Your goal
Using the entries below, output exactly the lines from the one containing "ミセス若井×超人気アーティストの" through the final line, both included, and no others.

Data to examine
···
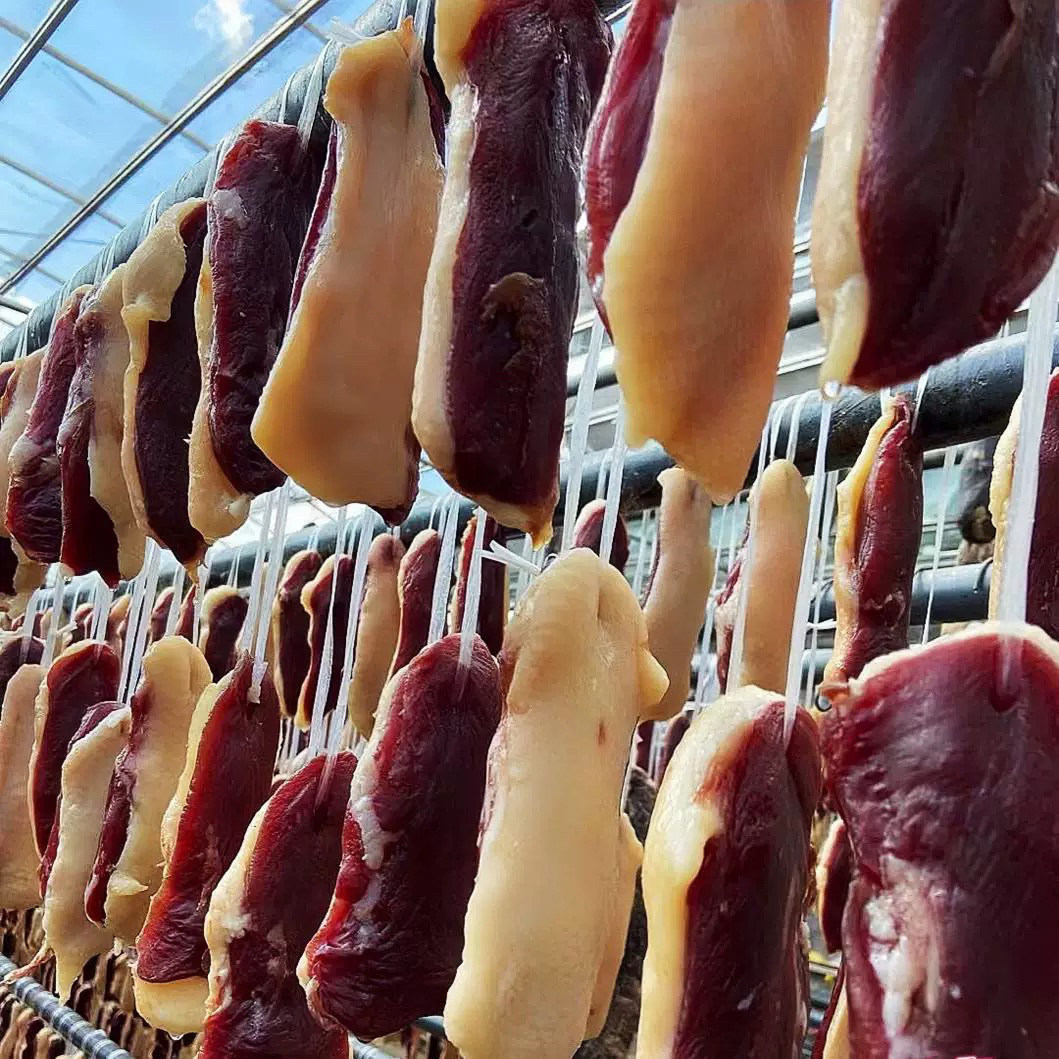 云南保山特产无骨腊鹅块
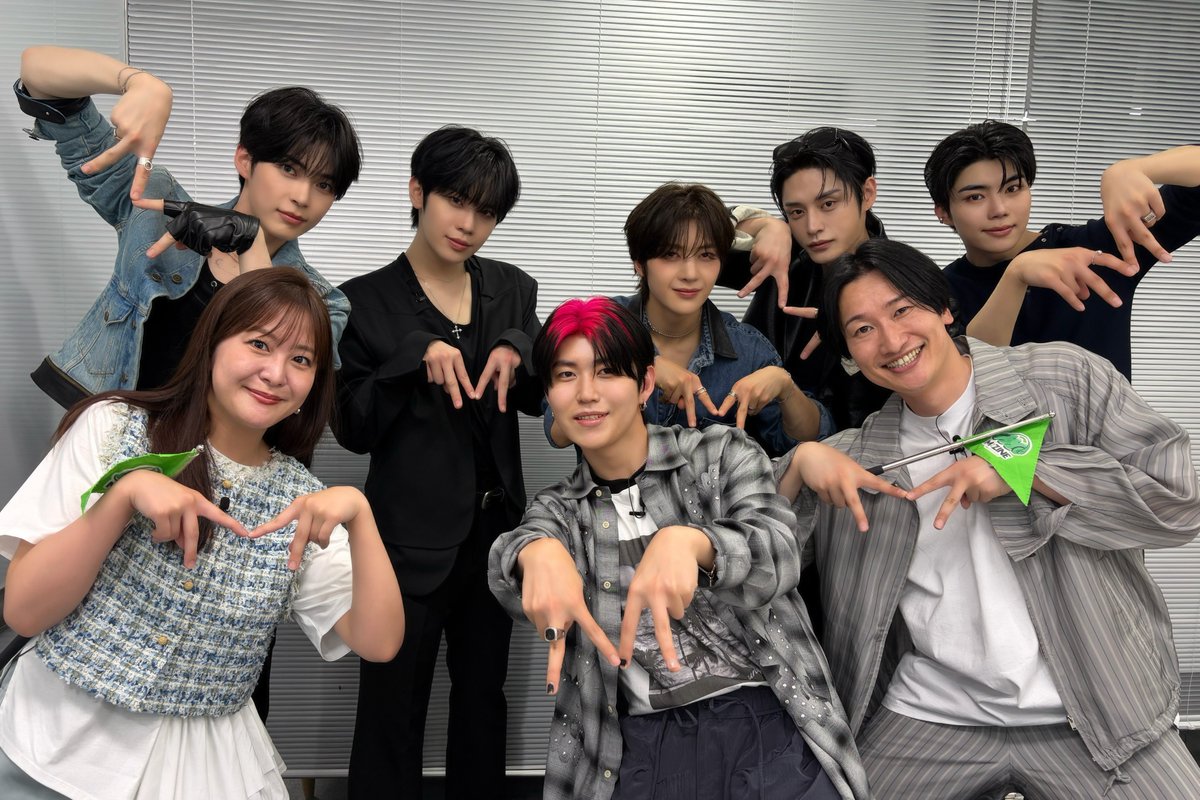 MZINE_tvasahi's tweet photo. 🎵#MZINE エンジン📕
⏰きょう深夜1:30~ ※一部地域を除く

今夜は 韓国弾丸取材ツアー特別編✈️·˖✩

ミセス若井×超人気アーティストの
大興奮コラボをギュッと詰め込み
3連発でお届け🕺

ぜひご覧ください👀

【出演者】
#若井滉斗(#MrsGREENAPPLE)
#山添寛(#相席スタート) #林美桜
#ATEEZ #ZEROBASEONE #RIIZE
···
Solution for this problem
ミセス若井×超人気アーティストの
大興奮コラボをギュッと詰め込み
3連発でお届け🕺

ぜひご覧ください👀

【出演者】
#若井滉斗(#MrsGREENAPPLE)
#山添寛(#相席スタート) #林美桜
#ATEEZ #ZEROBASEONE #RIIZE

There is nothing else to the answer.